Sensitivity, specificity, positive predictive and negative values for machine-learning models for detecting familial hypercholesterolaemia in the validation cohort (n = 1,006,943).

Machine-learning models	% High probability (>1/250) (%)	Sensitivity	Specificity	Positive predictive value (PPV)	Negative predictive value (NPV)
Logistic regression	3.38	37.6% (35.5–39.8)	96.7% (96.6–96.7)	4.4% (4.1–4.6)	99.7% (99.7–99.8)
Random forest	8.09	69.1% (67.0–71.2)	92.0% (92.0–92.1)	3.4% (3.3–3.5)	99.9% (99.9–99.9)
Gradient boosting	4.27	58.3% (56.1–60.5)	95.8% (95.8–95.9)	5.3% (5.1–5.5)	99.8% (99.8–99.8)
Deep learning	10.16	72.6% (70.6–74.6)	90.0% (89.9–90.0)	2.8% (2.8–2.9)	99.9% (99.9–99.9)
Ensemble learning	0.73	30.5% (28.4–32.6)	99.3% (99.3–99.3)	15.5% (14.5–16.4)	99.7% (99.7–99.7)
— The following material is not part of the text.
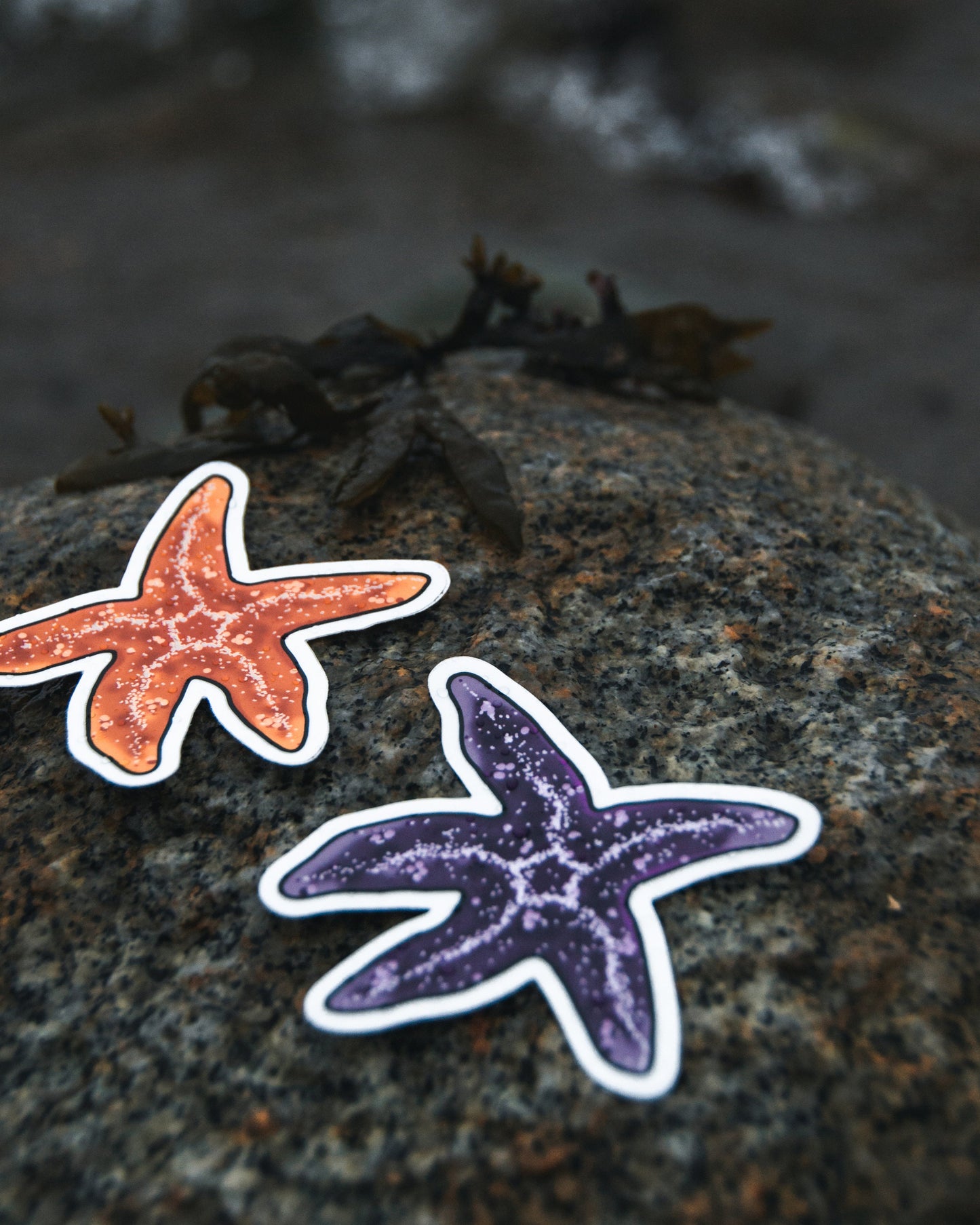 Waterproof Vinyl Sticker - Orange Starfish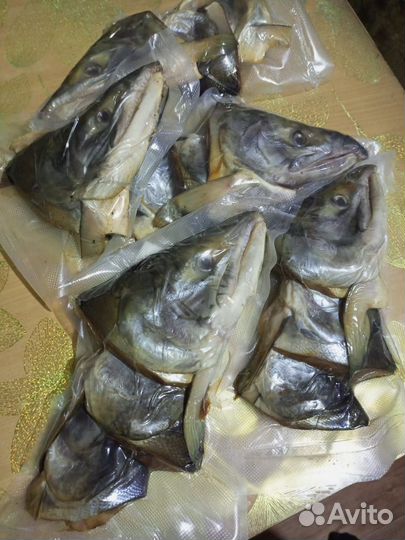 Кета холодного копчения, слабосоленая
^aAssumes population frequency of familial hypercholesterolaemia of 1 in 250⁴.

Likelihood ratios

We determined positive and negative likelihood ratios (LR) for each machine-learning algorithm (Fig. 5). The positive likelihood ratio (LR+) estimates the likelihood of having FH, give a positive test result (>1 in 250). The negative likelihood ratio (LR−) estimates the likelihood of not having FH, given a negative test result (≤1/250). All machine-learning models resulted in significant LR+ and LR−, with ensemble learning having the highest LR+ (45.5, 95% CI 42.4–49.9) and deep learning models having lowest LR− (0.31, 95% CI 0.28–0.33).

Fig. 5. Positive and negative likelihood ratios for machine-learning models for detecting familial hypercholesterolaemia.

Based on validation cohort of 1,006,943 patients: a positive likelihood ratios (95% confidence interval) and b negative likelihood ratios (95% confidence interval).

Discussion

We have assessed the ability of five different machine-learning (ML) algorithms to detect cases of familial hypercholesterolaemia (FH) in over 4 million patients’ routine primary health care records.

We found four ML models (random forest, gradient boosting, deep learning and ensemble learning) all had similarly high predictive accuracy, with AUC > 0.89. This is highly consistent with that found for the FindFH model, using a random forest algorithm in US administrative health data¹⁷; and a 3–6% improvement on the UK FAMCAT tool using standard logistic regression^14,15,18.

We found substantial differences for clinical utility between ML algorithms. Despite their similar overall accuracy (apart from logistic regression), our analysis highlights a trade-off that will be necessary between specificity and sensitivity of these models for binary risk stratification. Specificity and negative predictive values were consistently high across all methods, due to the low prevalence of FH in the general population. However, numbers identified as high probability of FH, sensitivity and positive predictive values varied between approaches.

For instance, we found a deep learning model would identify ~10% of the population as probable FH, generating a very high case load for clinicians to screen, review and test. This would have the highest sensitivity (i.e. proportion of patients with actual FH identified) but the detection rate would be poor (low positive predictive value). Conversely, ensemble learning would identify only 0.73% of the population as probable FH requiring clinical review. Although this has lower sensitivity, it would be more efficient in having a higher detection rate (higher positive predictive value).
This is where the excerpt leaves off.